You are viewing a comment permalink. View the original post to see all comments and the full post content.
Comments (244)
It really shouldn't, any more than someone discovering a security vulnerability in C programs should make them seem impressive. In this instance, all I can think is "Oh look, someone demonstrated that 'social engineering' - the single most reliable and damaging strategy in hacking, responsible for millions of attacks over the history of computing - works a nontrivial fraction of the time, again? What a surprise."
The only surprise and interesting part of the AI boxing games for me is that some people seem to think that AI boxing is somehow different - "it's different this time", as the mocking phrase goes.
A perfectly reasonable analogy, surely. Because we have millions of instances of successful telepathy and magical martial arts being used to break security.
As time goes up, the odds succeed? Yeah, I'd agree. But what happens when you reverse that - is there any principled reason to think that the odds of just continuing the conversation goes to zero before you hit the allowed one-liner?
A strange game to bother playing if you don't take it seriously, and this would explain only the first time; any subsequent player is probably playing precisely because they had heard of the first game and are skeptical or interested in trying it out themselves.
That would be conceding the point of the exercise.
Might explain the first one, but why would anyone else collude? (Oh right, they're all cultists or something. Even the ones who fail to escape the box and just come close.)
If Eliezer had been engaging in collusion to get his wins, why would he have gone through with his last two (failed) attempts with large outside-of-game stakes? That shows pretty clearly that he thought he could win and was wrong, which he wouldn't have if the wins were from collusion. It shows the absence of any persuasive superpower too.
Also, I let the AI out of the box, but I remain an advocate of AI boxing (where it makes sense). So it's not the case that Eliezer has some compelling argument against boxing that convinces everyone (ignored by those with outside-of-game stakes to protect those stakes).
So the chats show something, but not that Eliezer is inhumanly persuasive nor that AI boxing won't work.
Yes, that was my point.
I'm not sure whether Eliezer claims this, but from my point of view, failing to talk himself out a simple majority of the time is not interesting (I suppose a simple majority would count as a 'superpower').
Rather, any chance of an AI talking itself out is catastrophic from the security point of view, since security is disjunctive and if AIs have a just 1% chance of talking themselves out, now you have a insecurity floor of 1% - no matter how many fancy techniques you throw at the box, you'll never pass 99% security if the AI has a 1% chance of talking you into disabling the fancy techniques. Security is only as strong as its weakest link.

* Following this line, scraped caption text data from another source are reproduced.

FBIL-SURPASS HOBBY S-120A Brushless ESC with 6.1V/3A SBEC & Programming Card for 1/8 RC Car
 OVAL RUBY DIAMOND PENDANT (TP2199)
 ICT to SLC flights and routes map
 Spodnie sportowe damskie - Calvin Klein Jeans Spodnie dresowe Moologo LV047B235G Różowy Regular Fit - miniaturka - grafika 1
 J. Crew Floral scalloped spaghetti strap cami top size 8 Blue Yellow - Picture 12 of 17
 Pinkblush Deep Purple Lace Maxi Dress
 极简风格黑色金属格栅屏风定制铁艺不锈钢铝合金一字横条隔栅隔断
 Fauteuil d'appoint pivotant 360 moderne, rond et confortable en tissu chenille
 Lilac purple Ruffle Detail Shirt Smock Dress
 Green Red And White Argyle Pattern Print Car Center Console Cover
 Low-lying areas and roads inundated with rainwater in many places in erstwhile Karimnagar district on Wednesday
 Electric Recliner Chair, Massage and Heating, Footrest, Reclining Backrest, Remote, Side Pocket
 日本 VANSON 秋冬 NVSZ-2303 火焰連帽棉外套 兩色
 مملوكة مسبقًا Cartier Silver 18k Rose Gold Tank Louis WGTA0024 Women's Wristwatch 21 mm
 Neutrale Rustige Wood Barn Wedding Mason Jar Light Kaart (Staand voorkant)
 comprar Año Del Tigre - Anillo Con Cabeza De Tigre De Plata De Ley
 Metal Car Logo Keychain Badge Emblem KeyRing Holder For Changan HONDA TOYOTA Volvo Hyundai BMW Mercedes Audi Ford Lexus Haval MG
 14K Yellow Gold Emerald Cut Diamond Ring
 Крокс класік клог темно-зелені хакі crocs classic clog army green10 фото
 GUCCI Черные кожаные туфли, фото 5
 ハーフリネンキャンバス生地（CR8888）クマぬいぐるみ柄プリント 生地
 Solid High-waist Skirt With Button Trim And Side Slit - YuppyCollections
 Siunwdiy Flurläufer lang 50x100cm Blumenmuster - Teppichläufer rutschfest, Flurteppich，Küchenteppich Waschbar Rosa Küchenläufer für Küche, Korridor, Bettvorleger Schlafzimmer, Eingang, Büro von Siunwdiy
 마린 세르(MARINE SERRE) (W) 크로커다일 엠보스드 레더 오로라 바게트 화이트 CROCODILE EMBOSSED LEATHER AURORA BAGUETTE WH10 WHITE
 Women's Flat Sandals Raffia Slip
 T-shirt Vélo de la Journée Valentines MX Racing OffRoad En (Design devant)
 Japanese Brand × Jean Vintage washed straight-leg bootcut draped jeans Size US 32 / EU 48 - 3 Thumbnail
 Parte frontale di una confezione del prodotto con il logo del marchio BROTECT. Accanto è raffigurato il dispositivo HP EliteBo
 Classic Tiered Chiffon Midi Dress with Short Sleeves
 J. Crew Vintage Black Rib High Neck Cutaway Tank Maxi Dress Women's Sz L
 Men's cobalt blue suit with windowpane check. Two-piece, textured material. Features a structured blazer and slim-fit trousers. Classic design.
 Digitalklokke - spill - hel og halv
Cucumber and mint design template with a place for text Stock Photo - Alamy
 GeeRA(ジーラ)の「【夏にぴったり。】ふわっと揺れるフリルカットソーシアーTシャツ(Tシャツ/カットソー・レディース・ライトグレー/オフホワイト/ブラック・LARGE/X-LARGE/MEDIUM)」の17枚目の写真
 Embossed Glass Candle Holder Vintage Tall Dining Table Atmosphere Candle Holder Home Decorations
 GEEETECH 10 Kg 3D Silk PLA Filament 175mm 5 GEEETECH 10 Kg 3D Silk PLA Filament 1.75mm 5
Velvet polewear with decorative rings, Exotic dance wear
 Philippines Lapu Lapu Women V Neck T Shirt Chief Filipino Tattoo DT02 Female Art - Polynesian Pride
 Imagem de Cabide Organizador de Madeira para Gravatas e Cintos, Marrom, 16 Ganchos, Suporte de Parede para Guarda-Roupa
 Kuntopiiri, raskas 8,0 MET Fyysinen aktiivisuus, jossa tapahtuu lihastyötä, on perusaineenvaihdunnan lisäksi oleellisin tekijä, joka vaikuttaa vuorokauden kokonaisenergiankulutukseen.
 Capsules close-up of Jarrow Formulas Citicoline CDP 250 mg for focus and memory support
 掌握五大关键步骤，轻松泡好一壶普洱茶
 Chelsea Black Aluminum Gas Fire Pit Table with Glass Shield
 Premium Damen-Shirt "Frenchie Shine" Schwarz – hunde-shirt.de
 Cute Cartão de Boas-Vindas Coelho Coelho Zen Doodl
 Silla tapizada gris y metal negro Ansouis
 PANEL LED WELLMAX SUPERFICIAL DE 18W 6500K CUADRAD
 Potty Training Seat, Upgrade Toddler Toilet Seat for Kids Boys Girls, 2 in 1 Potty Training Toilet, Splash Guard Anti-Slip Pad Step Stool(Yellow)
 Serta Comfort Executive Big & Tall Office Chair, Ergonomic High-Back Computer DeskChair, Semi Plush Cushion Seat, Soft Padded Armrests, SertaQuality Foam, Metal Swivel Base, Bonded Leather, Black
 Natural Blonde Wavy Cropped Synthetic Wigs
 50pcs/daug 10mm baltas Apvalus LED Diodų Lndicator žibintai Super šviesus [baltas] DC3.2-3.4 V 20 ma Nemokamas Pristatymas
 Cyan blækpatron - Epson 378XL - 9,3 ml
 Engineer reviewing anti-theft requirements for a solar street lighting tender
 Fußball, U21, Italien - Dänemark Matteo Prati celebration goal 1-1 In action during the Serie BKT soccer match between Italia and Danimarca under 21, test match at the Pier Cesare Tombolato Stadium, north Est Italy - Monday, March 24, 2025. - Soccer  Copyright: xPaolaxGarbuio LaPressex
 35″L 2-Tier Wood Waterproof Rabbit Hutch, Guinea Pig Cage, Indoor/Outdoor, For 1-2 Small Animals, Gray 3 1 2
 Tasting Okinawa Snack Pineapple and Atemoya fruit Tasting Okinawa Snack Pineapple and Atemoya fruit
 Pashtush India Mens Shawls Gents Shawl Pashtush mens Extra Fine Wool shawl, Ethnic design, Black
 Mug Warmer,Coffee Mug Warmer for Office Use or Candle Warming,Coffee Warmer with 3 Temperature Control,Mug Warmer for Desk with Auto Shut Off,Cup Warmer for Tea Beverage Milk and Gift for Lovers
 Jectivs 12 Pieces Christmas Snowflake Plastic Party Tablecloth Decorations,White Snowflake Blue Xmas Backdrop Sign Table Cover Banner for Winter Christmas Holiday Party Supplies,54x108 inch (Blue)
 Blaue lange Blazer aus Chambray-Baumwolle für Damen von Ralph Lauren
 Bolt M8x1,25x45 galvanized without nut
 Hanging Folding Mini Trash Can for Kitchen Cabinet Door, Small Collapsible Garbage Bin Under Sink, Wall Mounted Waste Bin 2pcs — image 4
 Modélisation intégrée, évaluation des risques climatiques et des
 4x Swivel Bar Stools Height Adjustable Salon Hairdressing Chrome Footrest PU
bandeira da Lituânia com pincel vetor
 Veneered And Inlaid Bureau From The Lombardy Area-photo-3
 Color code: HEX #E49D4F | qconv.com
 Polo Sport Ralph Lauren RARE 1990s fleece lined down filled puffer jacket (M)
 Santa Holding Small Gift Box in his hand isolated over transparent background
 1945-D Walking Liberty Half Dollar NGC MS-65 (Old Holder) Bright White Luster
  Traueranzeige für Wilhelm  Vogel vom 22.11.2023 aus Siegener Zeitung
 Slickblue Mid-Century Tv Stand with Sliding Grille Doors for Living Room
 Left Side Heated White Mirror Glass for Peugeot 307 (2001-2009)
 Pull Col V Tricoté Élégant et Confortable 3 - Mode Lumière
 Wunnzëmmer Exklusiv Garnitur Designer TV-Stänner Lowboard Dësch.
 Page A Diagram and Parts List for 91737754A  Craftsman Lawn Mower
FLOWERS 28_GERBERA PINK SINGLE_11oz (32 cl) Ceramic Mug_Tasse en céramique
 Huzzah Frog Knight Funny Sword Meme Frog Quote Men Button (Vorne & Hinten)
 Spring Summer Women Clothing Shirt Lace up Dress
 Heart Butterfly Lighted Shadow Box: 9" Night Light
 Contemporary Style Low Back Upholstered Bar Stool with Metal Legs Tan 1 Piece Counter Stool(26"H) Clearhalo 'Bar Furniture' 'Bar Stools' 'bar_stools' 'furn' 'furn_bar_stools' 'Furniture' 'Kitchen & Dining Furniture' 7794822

If a particular situation poses a 1% risk if it comes up, one can lower the total risk by making that situation less likely: other security measures could stop the chance from being tried, e.g. a human facing the death penalty for a failed escape from a prison and a 1% success chance would not obviously try. Even an autonomous AI with interests in conflict with humanity to some degree might be designed without such a risk-loving decision algorithm as to try an improbable escape attempt in the face of punishment for failure or reward for non-attempt.
You only do that by changing the problem; a different problem will have different security properties. The new risk will still be a floor, the disjunctive problem hasn't gone away.
Many do try if the circumstances are bad enough, and the death penalty for a failed escape is common throughout history and in totalitarian regimes. I read just yesterday, in fact, a story of a North Korean prison camp escapee (death penalty for escape attempts goes without saying) where given his many disadvantages and challenges, a 1% success rate of reaching South Korea alive does not seem too inaccurate.
You don't have to be risk-loving to make a 1% attempt if that's your best option; the 1% chance just has to be the best option, is all.
You try to make the 99% option fairly good.